There I was, sitting at the kitchen table … just me, my wife, Pamela, my beautiful little daughter, and my Bible. What else did we need? I had reasoned that if we just read the passages “dramatically enough,” being really excited, expressive, and motivated, then Kristin, our daughter, would pay attention and eventually start comprehending it.
My wife had her doubts about my plan of attack. Still, I plowed ahead.
I had a lot to learn. Boy, did I have a lot to learn.
Between Kristin’s oblivious sound effects and my frustrated instructions—“Listen to Dad!” “Pay attention!” “Don’t interrupt!”—the tension escalated. We didn’t quite have our family devotions; rather, we had something more like our family emotions! Within five minutes I felt like a complete failure at leading devos and was ready to throw in the towel and go watch Jeopardy instead.

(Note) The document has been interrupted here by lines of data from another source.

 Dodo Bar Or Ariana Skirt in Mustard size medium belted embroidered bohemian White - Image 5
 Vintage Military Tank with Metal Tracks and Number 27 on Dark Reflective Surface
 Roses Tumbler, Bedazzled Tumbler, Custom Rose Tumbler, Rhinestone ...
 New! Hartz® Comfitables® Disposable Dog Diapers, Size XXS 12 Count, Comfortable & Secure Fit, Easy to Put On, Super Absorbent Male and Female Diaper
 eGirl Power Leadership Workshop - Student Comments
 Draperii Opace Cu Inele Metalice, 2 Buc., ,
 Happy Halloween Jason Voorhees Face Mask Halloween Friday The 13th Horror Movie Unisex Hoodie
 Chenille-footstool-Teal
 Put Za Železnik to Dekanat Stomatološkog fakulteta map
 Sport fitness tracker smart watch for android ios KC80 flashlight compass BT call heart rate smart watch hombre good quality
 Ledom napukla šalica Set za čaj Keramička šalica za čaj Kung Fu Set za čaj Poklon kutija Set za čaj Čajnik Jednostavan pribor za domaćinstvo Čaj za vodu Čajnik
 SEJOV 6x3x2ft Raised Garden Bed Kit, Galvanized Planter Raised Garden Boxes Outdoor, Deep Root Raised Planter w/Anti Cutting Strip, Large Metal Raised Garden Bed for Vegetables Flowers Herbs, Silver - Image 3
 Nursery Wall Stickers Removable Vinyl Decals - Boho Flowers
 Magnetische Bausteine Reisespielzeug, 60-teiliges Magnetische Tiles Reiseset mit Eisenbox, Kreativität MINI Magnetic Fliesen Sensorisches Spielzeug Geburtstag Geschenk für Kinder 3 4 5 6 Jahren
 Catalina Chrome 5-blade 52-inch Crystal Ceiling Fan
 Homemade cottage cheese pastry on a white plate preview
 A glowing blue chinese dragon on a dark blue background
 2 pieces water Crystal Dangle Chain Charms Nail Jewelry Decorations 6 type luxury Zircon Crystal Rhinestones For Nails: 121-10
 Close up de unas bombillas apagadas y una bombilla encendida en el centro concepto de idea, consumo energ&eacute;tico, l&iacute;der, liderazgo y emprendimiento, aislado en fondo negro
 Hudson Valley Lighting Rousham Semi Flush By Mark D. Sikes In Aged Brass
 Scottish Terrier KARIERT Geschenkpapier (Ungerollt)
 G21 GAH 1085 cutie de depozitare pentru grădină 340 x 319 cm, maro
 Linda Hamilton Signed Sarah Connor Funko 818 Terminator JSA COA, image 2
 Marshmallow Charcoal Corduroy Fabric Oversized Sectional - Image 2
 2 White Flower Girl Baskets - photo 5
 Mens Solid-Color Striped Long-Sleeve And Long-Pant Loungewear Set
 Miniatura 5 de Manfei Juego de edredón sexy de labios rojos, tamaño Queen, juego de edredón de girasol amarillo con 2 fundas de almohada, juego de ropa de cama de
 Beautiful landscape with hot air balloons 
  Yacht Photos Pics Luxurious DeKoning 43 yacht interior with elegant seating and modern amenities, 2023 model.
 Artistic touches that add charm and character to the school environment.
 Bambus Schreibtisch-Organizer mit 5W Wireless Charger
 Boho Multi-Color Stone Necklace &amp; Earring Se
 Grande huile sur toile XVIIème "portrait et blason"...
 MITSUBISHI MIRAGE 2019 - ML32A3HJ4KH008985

We soon discovered that making family devos more effective by simply reading differently was yet another myth. In order to get our little girl involved and interested in family devotions, we would have to do much more than merely engage her ears. The Word for her needed to be more than the read-out-loud print on a page; we needed to allow it to be demonstrated, to breathe, to talk, to walk, to live in front of her. So we started to act out stories in the Bible. We simply dramatized them, casting our kids as the characters. As the kids grew, they were able to play different parts in these little family devo dramas.
As it turned out, our daughter needed us to not just read the passage but rather wear it. Her eager eyes, inquisitive mind, and moldable spirit needed something more than Dad or Mom’s mere creative intonations. In a fresh way, the Word came alive for our family.